Last Updated: 28 August 2015


IN THE HIGH COURT OF NEW ZEALAND AUCKLAND REGISTRY




CIV-2015-404-708 [2015] NZHC 1819

UNDER
the Treaty of Waitangi Act 1975 and the
Judicature Amendment Act 1972
BETWEEN
JOSEPH ROBERT KINGI Plaintiff
AND
NGÄ MANA WHENUA O TAMAKI MAKAURAU TRUST
First Defendant
TE RARAWA RUNANGA TRUST Second Defendant
................................./continued




Hearing:
30 July 2015
Counsel:







Appearance:
AJ Nelder for second and third defendants
AJ Allan for fourth defendant
A Milosavljevic for fifth defendant
PF Majurey, given leave to appear in respect of the named first defendant
JR Kingi, plaintiff in person
Judgment:
4 August 2015




JUDGMENT OF FAIRE J




This judgment was delivered by me on 4 August 2015 at 12 noon, pursuant to Rule 11.5 of the High Court Rules.


Registrar/Deputy Registrar

Date...............




Kingi v Ngä Mana Whenua O Tamaki Makaurau Trust [2015] NZHC 1819 [4 August 2015]

TE ROPU O TUHORONUKU INDEPENDENT MANDATED AUTHORITY

Third Defendant

ATTORNEY-GENERAL Fourth Defendant

CROWN FORESTRY RENTAL TRUST Fifth Defendant







The application

[1] The second, third, fourth and fifth defendants apply to strike out the plaintiff’s proceedings.
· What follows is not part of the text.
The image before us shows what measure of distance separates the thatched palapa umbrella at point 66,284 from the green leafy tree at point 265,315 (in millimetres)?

They all allege that the statement of claim alleges no reasonably arguable cause of action. Several also assert that the proceedings are frivolous and vexatious, are an abuse of process and cause prejudice and delay.
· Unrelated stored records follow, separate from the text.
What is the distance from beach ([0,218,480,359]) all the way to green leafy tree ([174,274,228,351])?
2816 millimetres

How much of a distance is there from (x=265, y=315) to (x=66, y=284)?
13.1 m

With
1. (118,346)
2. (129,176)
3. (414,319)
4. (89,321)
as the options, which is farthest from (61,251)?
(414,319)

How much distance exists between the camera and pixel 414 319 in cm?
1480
Directions for the hearing

[2] The proceeding was called before Ellis J on 14 May 2015. Her Honour’s minute of the matters discussed at that time gives a helpful background to why the plaintiff has filed the proceeding. It also gave directions for the taking of steps and the setting up of this fixture.

[3] Her Honour recorded:

[1] Mr Kingi has a number of concerns related to the conduct of the Wai 1941 claim in the Waitangi Tribunal, including as to funding and hearing time allocated. He also has concerns (as I understand it) about the conduct of Te Ropu o Tuhoronuku Independent Mandated Authority, which is the body mandated to settle Ngapuhi’s historical Treaty claims with the Crown.
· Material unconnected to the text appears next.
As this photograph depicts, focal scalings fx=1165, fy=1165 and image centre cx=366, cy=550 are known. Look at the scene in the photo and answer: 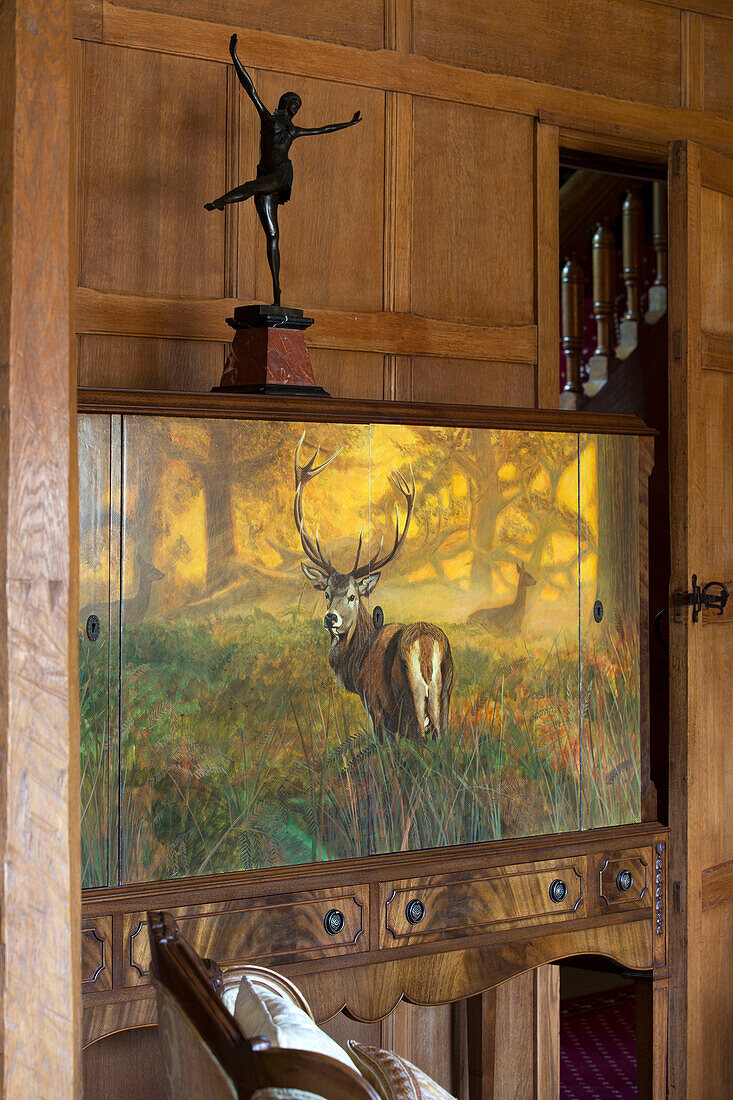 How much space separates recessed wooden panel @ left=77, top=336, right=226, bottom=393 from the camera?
2912 mm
[2] Mr Kingi has attempted previously to have the Wai 1941 claim stayed by way of originating application to this Court but that was struck out on 11 February 2015 by Muir J. The previous day, it had been suggested to Mr Kingi by Duffy J that the proceedings might be more appropriately brought as a claim for judicial review. These proceedings appear to have been the result.

[3] Each of the respondents named in the claim for judicial review have filed, or will shortly file, an application to strike out the claim. I attempted to explain to Mr Kingi what that entailed. I urged him to seek legal advice, if he is able; there certainly appears to be some difficulty with his claim as drafted.

Compliance with her Honour’s directions

[4] Mr Kingi has filed documents however, they do not comply with the court’s requirements for a notice of opposition and as prescribed by r 7.24 of the High Court Rules. The applicant’s have all filed detailed submissions in support of the strike out applications as directed by her Honour. Mr Kingi has not filed any memorandum or submission which addresses the matters raised by counsel’s submissions.

The court’s approach to strike out applications

[5] Rule 15.1 of the High Court Rules provides:

15.1 Dismissing or staying all or part of proceeding

(1) The court may strike out all or part of a pleading if it—

(a) discloses no reasonably arguable cause of action, defence, or case appropriate to the nature of the pleading; or

(b) is likely to cause prejudice or delay; or

(c) is frivolous or vexatious; or

(d) is otherwise an abuse of the process of the court.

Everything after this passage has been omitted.